Collective Matrix Completion
This addresses the challenge of handling multi-source data in matrix completion, which is incremental as it extends single-matrix methods to collective settings.
The paper tackles the problem of collective matrix completion for multiple heterogeneous data matrices, proposing estimators that minimize a goodness-of-fit term plus nuclear norm penalization, and proves they achieve fast convergence rates in both exponential family and distribution-free settings, supported by numerical experiments.

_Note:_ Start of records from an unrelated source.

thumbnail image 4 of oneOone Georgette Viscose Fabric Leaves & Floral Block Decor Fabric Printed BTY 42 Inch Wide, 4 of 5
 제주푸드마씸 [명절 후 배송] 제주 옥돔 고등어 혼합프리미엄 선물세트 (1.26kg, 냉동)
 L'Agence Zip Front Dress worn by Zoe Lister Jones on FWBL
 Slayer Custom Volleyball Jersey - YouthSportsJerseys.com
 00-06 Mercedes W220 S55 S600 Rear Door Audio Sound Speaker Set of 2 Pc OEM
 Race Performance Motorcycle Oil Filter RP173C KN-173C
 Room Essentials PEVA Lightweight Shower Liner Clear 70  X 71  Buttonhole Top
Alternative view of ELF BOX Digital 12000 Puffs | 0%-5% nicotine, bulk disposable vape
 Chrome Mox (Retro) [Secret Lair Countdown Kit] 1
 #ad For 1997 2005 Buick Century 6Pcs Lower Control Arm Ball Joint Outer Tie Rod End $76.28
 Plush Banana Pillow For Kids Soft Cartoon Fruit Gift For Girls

Matrix completion aims to reconstruct a data matrix based on observations of a small number of its entries. Usually in matrix completion a single matrix is considered, which can be, for example, a rating matrix in recommendation system. However, in practical situations, data is often obtained from multiple sources which results in a collection of matrices rather than a single one. In this work, we consider the problem of collective matrix completion with multiple and heterogeneous matrices, which can be count, binary, continuous, etc. We first investigate the setting where, for each source, the matrix entries are sampled from an exponential family distribution. Then, we relax the assumption of exponential family distribution for the noise and we investigate the distribution-free case. In this setting, we do not assume any specific model for the observations. The estimation procedures are based on minimizing the sum of a goodness-of-fit term and the nuclear norm penalization of the whole collective matrix. We prove that the proposed estimators achieve fast rates of convergence under the two considered settings and we corroborate our results with numerical experiments.